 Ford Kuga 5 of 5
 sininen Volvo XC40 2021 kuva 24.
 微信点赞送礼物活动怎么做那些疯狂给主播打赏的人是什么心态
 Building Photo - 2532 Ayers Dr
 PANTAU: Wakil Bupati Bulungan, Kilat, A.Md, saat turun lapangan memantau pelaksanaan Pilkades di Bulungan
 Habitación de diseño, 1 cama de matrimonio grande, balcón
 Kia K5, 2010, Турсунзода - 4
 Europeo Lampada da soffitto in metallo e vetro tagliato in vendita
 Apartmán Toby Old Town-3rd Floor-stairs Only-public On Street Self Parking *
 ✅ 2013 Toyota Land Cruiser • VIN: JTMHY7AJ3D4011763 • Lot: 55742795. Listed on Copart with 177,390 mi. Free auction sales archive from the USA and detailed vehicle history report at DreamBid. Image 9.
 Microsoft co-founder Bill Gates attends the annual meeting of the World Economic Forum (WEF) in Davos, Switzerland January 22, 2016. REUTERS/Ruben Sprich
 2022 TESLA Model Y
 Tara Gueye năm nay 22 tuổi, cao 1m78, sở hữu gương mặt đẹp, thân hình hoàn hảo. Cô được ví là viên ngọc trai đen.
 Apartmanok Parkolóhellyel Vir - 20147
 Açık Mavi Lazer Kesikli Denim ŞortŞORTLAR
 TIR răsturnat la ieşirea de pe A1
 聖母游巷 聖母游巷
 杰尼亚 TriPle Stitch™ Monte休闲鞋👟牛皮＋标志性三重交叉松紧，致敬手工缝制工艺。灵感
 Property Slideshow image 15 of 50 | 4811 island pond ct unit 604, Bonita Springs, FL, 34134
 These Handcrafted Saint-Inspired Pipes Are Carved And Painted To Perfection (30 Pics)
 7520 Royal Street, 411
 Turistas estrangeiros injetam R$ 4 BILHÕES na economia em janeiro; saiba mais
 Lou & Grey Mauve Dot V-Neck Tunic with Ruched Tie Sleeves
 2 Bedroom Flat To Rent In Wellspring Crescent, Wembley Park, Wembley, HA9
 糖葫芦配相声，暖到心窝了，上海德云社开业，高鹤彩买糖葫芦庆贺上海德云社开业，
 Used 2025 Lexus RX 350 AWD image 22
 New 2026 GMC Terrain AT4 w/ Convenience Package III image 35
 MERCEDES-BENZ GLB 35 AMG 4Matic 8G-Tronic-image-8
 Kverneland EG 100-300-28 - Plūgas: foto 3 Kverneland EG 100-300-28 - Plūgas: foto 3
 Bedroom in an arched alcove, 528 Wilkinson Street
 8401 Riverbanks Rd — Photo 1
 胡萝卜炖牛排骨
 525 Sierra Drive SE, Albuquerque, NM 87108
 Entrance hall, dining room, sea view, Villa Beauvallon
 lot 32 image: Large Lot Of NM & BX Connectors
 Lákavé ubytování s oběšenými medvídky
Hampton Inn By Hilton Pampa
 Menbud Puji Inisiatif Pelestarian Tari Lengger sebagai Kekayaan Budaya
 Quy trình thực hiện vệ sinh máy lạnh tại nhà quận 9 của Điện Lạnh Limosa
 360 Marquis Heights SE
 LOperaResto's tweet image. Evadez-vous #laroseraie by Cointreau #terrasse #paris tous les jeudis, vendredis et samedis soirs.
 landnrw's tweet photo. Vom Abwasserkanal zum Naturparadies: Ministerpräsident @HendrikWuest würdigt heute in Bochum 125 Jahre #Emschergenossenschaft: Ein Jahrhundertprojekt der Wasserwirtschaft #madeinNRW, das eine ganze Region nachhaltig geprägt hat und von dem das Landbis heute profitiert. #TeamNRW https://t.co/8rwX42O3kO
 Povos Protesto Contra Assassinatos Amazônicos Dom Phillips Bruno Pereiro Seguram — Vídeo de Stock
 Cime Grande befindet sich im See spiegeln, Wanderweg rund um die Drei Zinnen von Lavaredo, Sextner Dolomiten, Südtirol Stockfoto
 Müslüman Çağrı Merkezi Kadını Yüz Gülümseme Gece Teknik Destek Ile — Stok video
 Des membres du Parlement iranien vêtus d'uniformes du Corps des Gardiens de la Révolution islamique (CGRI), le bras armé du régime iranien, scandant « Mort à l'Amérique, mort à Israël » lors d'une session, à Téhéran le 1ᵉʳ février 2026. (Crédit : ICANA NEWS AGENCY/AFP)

## Assigned task
From the records above, quote only the lines running from the line with "Habitación de diseño, 1" to the line with "2022 TESLA Model Y", both lines included.

## Output below
 Habitación de diseño, 1 cama de matrimonio grande, balcón
 Kia K5, 2010, Турсунзода - 4
 Europeo Lampada da soffitto in metallo e vetro tagliato in vendita
 Apartmán Toby Old Town-3rd Floor-stairs Only-public On Street Self Parking *
 ✅ 2013 Toyota Land Cruiser • VIN: JTMHY7AJ3D4011763 • Lot: 55742795. Listed on Copart with 177,390 mi. Free auction sales archive from the USA and detailed vehicle history report at DreamBid. Image 9.
 Microsoft co-founder Bill Gates attends the annual meeting of the World Economic Forum (WEF) in Davos, Switzerland January 22, 2016. REUTERS/Ruben Sprich
 2022 TESLA Model Y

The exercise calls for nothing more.